January always comes as a shock.

The holiday season revs up before Halloween, accelerates at Thanksgiving and is way over the speed limit by Christmas. There's another small but intense surge before New Year's. Then, it's all over. Just like that. It's dark, it's cold. No more twinkly lights, no more parties. The Christmas trees are on the curb, and you are in the dumps.

I have two words for you: Robert Burns.

The beloved poet of Scotland has given people a reason to live through January. He was born on Jan. 25, and since his death in 1796 his life and literature have been celebrated around the world on that date at Robert Burns suppers.

There's no Robert Frost supper, so why a Robert Burns supper? Burns was a hard-living man, and a few years after his death his close friends chose to honor him with an evening of things he loved: Scotch whisky and poetry.
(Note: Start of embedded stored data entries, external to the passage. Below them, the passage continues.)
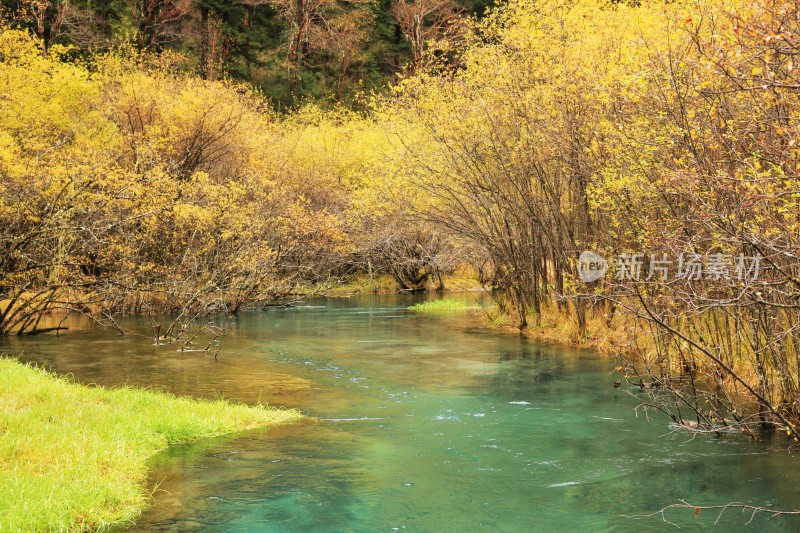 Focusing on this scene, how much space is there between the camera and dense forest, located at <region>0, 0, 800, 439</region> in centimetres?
969

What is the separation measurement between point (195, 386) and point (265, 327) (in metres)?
10.4

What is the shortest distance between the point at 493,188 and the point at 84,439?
15387mm

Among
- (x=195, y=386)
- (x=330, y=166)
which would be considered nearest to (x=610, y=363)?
(x=195, y=386)

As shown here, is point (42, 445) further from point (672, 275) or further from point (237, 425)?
point (672, 275)

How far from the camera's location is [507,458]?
10125 mm

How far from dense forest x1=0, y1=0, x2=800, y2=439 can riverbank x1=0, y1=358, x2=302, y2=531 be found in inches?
155

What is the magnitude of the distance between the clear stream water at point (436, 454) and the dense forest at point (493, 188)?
3.65ft

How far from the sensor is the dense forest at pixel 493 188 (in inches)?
381

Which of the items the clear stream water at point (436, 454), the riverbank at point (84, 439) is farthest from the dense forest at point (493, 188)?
the riverbank at point (84, 439)

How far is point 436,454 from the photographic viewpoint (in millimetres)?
10320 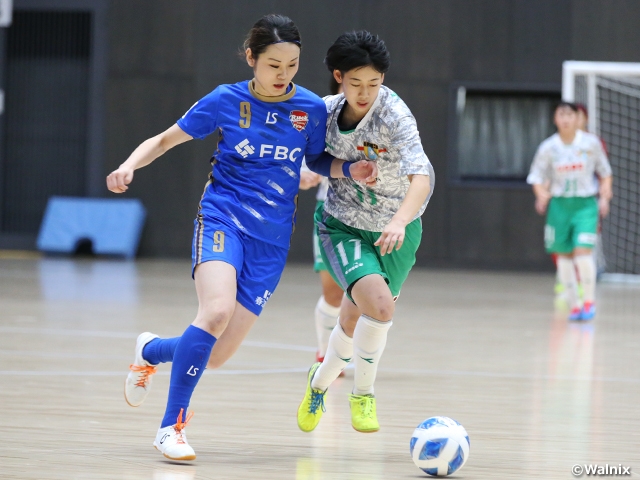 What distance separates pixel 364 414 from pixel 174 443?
32.3 inches

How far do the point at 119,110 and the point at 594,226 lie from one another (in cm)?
772

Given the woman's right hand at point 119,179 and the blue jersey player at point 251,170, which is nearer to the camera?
the woman's right hand at point 119,179

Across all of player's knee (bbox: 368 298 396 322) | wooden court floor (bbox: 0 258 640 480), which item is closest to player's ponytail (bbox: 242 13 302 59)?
player's knee (bbox: 368 298 396 322)

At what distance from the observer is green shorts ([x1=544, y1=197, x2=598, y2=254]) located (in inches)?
327

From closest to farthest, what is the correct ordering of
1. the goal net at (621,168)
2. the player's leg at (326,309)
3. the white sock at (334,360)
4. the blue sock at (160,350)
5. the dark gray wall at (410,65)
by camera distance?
the blue sock at (160,350) < the white sock at (334,360) < the player's leg at (326,309) < the goal net at (621,168) < the dark gray wall at (410,65)

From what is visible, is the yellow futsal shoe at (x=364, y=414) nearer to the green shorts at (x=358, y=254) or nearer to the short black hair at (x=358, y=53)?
the green shorts at (x=358, y=254)

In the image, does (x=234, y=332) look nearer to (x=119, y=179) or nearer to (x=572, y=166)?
(x=119, y=179)

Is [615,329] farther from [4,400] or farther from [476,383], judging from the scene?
[4,400]

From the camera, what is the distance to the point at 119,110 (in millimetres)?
13789

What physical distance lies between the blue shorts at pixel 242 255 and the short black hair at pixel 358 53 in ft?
2.30

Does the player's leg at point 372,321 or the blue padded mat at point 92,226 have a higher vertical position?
the player's leg at point 372,321

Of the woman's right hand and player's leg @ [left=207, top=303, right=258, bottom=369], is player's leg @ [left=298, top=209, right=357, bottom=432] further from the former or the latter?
the woman's right hand

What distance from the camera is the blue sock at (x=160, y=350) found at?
351 centimetres

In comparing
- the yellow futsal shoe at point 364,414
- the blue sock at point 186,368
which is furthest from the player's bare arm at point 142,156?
the yellow futsal shoe at point 364,414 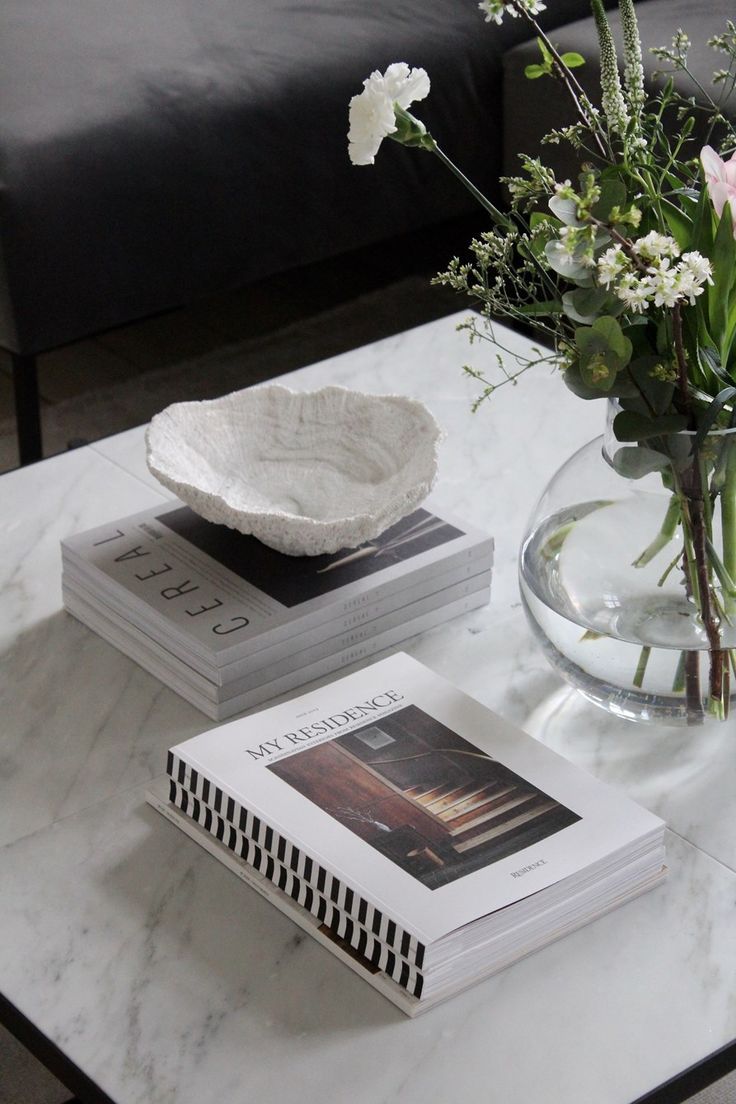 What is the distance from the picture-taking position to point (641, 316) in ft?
2.64

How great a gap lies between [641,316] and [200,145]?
4.03ft

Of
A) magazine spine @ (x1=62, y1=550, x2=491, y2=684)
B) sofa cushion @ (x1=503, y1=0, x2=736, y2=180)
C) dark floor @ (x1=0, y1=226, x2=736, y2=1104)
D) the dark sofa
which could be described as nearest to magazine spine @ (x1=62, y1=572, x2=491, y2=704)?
magazine spine @ (x1=62, y1=550, x2=491, y2=684)

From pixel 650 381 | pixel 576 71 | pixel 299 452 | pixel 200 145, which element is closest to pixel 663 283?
pixel 650 381

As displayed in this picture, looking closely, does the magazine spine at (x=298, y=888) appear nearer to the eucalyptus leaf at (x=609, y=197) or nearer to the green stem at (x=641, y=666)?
the green stem at (x=641, y=666)

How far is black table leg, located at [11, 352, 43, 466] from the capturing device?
1.88m

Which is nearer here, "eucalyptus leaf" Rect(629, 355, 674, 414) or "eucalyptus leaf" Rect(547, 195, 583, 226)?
"eucalyptus leaf" Rect(547, 195, 583, 226)

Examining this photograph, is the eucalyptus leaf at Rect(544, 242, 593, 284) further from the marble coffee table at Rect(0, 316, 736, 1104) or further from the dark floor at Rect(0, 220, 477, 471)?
the dark floor at Rect(0, 220, 477, 471)

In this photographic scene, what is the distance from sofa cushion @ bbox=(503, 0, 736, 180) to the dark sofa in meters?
0.01

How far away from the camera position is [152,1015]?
2.41 ft

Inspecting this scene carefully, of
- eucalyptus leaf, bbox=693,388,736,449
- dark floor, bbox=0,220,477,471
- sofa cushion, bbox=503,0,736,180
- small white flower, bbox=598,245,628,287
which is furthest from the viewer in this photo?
dark floor, bbox=0,220,477,471

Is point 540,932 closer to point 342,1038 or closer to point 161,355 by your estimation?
point 342,1038

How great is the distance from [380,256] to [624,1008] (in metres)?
1.91

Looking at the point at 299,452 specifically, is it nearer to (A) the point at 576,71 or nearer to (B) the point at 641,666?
(B) the point at 641,666

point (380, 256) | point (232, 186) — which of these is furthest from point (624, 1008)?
point (380, 256) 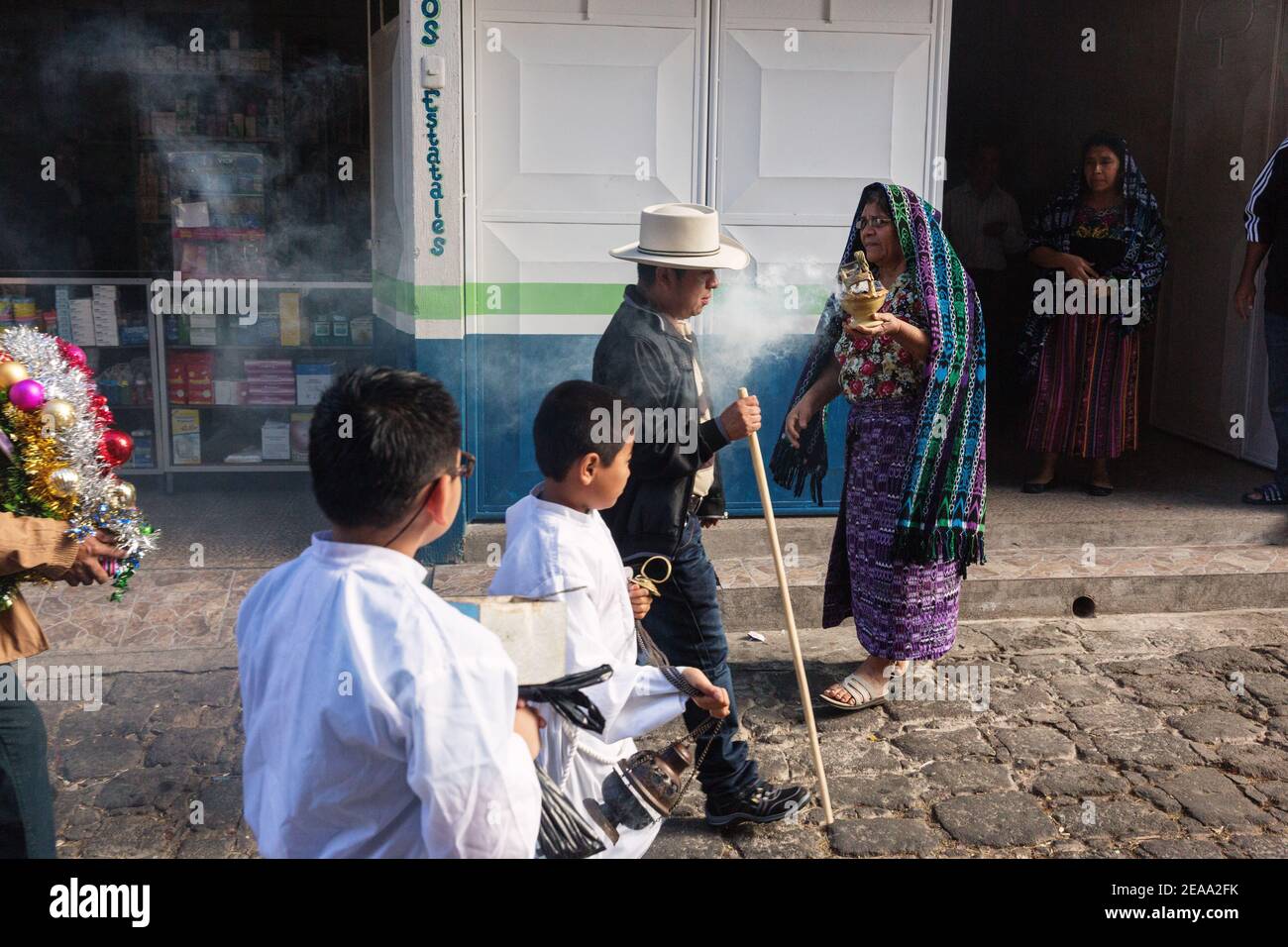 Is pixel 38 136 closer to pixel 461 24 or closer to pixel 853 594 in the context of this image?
pixel 461 24

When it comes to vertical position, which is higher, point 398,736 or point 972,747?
point 398,736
Besides, as Jean-Paul Sartre wrote, "To read a poem in January is as lovely as to go for a walk in June."

So pull yourself together, stuff a sheep's stomach with offal and oatmeal, stock the liquor cabinet, get some bagpipe music and have a party. You don't have to be Scottish to participate. Maybe you once transferred planes in the Edinburgh airport. Maybe your brother married someone with a distant cousin who has been to Scotland. Maybe you like to watch golf on television.

My husband's grandfather grew up in Scotland, so it is surprising, given that close connection to the land of the loch and glen, that I've never hosted a Burns supper. According to family lore, my grandfather-in-law was born in a building that had been one of Burns's favorite brothels. You can't get much more intimate with the Scottish bard than that. So this year I decided to embrace January and have a Burns supper. Given the many components, I needed a dry run.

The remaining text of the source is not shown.